東大の確率の入試解説を連続アップ中!
昨日の告知に続き、まずは2017年東大文系数学の第3問と、理系第2問です。
まずは、問題を。
文系第3問は・・・
そんでもって、理系第2問は
見比べると分かりますが、文系の(2)と、理系の(1)が同じ問題ですね。
文系では、もっと簡単な・・・というか死ぬほど簡単な(1)が追加されていて、 理系ではちょっと手間がかかる(2)が追加されているという感じ。 まずは、文系の方から片づけてしまいましょう。
問題の設定を読んで下さい。
点Pが始めは原点にあります。 そして、点Pは、上下左右に当確率で移動します。つまり、上下左右のどこに動くのも1/4の確率です。
場合の数・確率の問題では、複雑な設定の問題が出題されることがありますが、今年は非常にシンプルですね。わかり易い。
設定を理解したら、次は問題文を読むと・・・ (1)は、恐らく数学を勉強したことがない方や、長らく数学から離れている人でも解けるのでは??と思います。
t-s=-1とか、分かり辛く書いてありますが、言い換えるとy-x=-1の直線上に乗っかれば良いという事です。
ということは、右に動くか、下に動けば良い話。
さて、問題です。 上下左右に当確率で点が動くとき、右に動く確率と、下に動く確率を足したらいくつでしょう?
もちろん答えは、1/4+1/4=1/2です。 これ、センター試験でも(1)に出るくらいの簡単な問題です。東大入試で、これで良いのでしょうか?簡単すぎて、思わず問題文を何度も読み直してしまいましたが、そういう受験生も多かったのでは?
では、(2)。
(1)が誘導になってるんだろうな、とは思うでしょうが (あまりにも簡単ですし、t-s=-1なんていう、意味不明な式が登場するし) 気付いた解いても、誘導に乗るのは少し難しいかもしれませんね。
調べるとわかるんですが、 右か下に動くと、y-xの値が1減って、 左か上に動くと、y-xの値が1増えます。
上下左右に動くと考えると、4択なのですが、右下をセット、左上をセットにすると2択になります。
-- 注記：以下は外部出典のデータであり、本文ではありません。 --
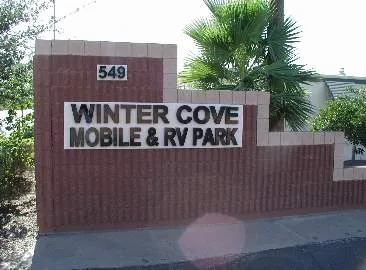 Wintercove Mobile Home & RV Park Picture 1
(東大確率では、このように複数の状態をまとめて一つにすることが、非常によくあります。)
あとは、右下のセットと、左上のセットが、それぞれ何回出れば良いかを反復試行で考えれば良いという問題ですね。
では、手書きの解答をどうぞ。
※左側が、文系第3問、右側が理系第2問です。
見慣れない設定かもしれませんが、別に複雑でもなければ、場合分けが難しいわけでもない。計算も簡単という事で、これも取りたい問題ですね。
では、続きまして、理系の(2)。 今度は、原点にある確率を求めよ、とのことです。
この問題、計算は複雑になるんですが、むしろ、さっきのy=x上よりも、考え方は簡単かもしれません。 何せ、最後に原点にいるということは、左と右が同じ回数出て、上と下が同じ回数出れば良いわけです。
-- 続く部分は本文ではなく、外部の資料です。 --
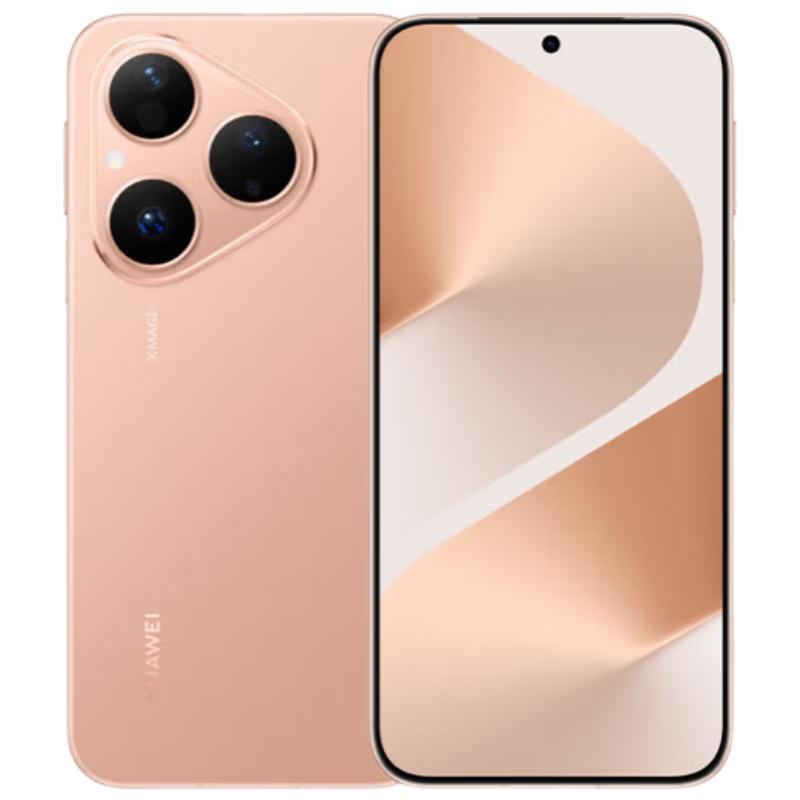 

HUAWEI Pura 80 Смартфон з HarmonyOS та ШІ (версія CN) 12GB+1TB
という事で、今度は左と右をセットに考えて、上と下をセットにすれば良いのです。
で、左右セットと、上下セットの出る回数が足して3になれば、合計6回移動したことになりますから、(左右や上下をセットにすると、移動2回分がセットなので) (3,0)、(2,1)、(1,2)、(0,3)の4通りが考えらます。
さらに対称性から、(3,0)と(0,3)は、全く同じ確率に、(2,1)、と(1,2)も同じ確率になるのも分かるので、結局計算としては、2つだけすれば良くなります。
ここまで考えられれば、もう解けるでしょう。
では、さきほどと同じものですが、もう一度手書きの解答を載せておきます。
文系にしても、理系にしても、この問題なら、それほど難しくないと思って良いと思います。
上手に説明したら、(計算の部分は出来ないまでも)中学生でも理解できるかも。